(Data to examine begins)

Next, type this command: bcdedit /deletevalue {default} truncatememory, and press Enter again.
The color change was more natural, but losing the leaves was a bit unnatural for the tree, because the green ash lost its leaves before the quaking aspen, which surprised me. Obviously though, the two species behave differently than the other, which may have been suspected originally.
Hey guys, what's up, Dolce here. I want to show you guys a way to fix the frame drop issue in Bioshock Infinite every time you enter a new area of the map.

(Data to examine ends)
(Data to examine begins)

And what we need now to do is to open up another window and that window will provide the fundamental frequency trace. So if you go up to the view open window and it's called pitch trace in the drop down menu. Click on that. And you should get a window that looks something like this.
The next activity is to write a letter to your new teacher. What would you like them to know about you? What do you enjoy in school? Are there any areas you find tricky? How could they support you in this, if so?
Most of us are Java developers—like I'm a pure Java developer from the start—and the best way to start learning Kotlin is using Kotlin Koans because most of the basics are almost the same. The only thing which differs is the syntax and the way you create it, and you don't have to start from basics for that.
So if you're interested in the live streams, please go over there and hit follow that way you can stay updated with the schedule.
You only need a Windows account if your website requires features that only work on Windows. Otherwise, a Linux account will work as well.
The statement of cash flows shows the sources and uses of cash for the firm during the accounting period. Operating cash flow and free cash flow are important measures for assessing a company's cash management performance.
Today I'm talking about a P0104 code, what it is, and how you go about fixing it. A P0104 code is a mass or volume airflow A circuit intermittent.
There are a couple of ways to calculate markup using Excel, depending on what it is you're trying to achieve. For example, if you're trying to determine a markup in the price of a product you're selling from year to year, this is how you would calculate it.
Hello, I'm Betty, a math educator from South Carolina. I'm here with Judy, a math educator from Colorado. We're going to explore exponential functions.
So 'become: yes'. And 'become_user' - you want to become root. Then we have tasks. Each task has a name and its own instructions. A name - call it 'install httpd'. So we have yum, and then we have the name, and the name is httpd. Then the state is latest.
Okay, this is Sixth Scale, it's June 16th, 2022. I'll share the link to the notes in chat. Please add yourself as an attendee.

(Data to examine ends)
(Data to examine begins)

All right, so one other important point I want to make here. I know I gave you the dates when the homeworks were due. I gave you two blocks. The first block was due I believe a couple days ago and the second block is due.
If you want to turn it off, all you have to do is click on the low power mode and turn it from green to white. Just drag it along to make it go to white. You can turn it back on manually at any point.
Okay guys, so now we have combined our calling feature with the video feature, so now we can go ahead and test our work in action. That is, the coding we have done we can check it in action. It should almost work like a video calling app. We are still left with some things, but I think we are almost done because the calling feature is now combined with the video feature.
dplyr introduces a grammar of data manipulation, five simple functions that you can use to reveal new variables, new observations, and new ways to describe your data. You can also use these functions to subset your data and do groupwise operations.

(Data to examine ends)

What to do: Lines from the entries that contain the word "guys" are what the answer must hold.

Task output:
Hey guys, what's up, Dolce here. I want to show you guys a way to fix the frame drop issue in Bioshock Infinite every time you enter a new area of the map.
Okay guys, so now we have combined our calling feature with the video feature, so now we can go ahead and test our work in action. That is, the coding we have done we can check it in action. It should almost work like a video calling app. We are still left with some things, but I think we are almost done because the calling feature is now combined with the video feature.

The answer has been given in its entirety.